> _WHAT NEEDS TO BE DONE_
Below are the records; give again exactly the line with "Target new visitors, active", the line with "南方地区适合种什么果树，农业种植南方水果产区有哪些。", and each line that lies between them, and nothing besides.

> _MATERIAL SHOWN_
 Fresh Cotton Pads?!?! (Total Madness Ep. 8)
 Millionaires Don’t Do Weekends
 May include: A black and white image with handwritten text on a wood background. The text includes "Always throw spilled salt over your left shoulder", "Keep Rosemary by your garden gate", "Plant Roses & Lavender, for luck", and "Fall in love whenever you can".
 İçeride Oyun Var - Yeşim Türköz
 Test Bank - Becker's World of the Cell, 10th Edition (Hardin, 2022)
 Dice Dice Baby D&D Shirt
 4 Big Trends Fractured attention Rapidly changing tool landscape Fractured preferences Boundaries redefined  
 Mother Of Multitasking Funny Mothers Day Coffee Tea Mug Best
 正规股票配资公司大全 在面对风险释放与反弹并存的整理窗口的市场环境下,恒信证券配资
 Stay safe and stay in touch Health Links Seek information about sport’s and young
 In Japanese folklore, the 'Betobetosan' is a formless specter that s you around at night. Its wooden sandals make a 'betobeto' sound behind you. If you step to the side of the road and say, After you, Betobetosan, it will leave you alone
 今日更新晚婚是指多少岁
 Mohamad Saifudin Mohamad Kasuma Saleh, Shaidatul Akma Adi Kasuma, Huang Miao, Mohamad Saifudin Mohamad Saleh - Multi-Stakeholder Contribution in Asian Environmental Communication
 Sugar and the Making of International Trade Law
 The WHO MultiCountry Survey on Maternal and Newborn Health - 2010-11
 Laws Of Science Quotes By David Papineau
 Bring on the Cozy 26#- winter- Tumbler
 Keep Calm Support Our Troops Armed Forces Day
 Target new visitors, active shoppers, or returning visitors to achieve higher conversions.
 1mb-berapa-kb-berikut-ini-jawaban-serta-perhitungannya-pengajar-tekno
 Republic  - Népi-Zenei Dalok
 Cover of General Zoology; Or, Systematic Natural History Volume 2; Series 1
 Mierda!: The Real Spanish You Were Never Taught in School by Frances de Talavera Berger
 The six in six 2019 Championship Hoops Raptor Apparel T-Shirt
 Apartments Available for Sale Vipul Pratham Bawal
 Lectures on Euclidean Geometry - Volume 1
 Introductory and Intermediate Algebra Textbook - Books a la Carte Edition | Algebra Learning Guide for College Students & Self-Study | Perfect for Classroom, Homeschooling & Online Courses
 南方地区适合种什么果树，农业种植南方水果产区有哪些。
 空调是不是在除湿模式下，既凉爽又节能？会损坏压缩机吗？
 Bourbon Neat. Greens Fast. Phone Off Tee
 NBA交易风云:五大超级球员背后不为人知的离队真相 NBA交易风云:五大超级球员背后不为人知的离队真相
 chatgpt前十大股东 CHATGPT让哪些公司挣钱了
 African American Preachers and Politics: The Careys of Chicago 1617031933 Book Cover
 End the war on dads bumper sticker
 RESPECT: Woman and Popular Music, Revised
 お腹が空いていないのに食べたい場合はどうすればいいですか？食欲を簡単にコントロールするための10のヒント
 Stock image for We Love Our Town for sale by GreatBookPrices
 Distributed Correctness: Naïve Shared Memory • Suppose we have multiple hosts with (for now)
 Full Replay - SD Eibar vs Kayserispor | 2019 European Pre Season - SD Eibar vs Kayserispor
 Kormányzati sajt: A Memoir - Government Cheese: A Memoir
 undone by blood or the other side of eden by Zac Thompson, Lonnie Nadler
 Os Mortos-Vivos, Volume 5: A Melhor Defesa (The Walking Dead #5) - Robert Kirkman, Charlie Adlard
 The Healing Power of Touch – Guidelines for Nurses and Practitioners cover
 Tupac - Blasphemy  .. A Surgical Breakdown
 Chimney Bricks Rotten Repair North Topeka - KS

> _SOLUTION FOR THIS TASK_
 Target new visitors, active shoppers, or returning visitors to achieve higher conversions.
 1mb-berapa-kb-berikut-ini-jawaban-serta-perhitungannya-pengajar-tekno
 Republic  - Népi-Zenei Dalok
 Cover of General Zoology; Or, Systematic Natural History Volume 2; Series 1
 Mierda!: The Real Spanish You Were Never Taught in School by Frances de Talavera Berger
 The six in six 2019 Championship Hoops Raptor Apparel T-Shirt
 Apartments Available for Sale Vipul Pratham Bawal
 Lectures on Euclidean Geometry - Volume 1
 Introductory and Intermediate Algebra Textbook - Books a la Carte Edition | Algebra Learning Guide for College Students & Self-Study | Perfect for Classroom, Homeschooling & Online Courses
 南方地区适合种什么果树，农业种植南方水果产区有哪些。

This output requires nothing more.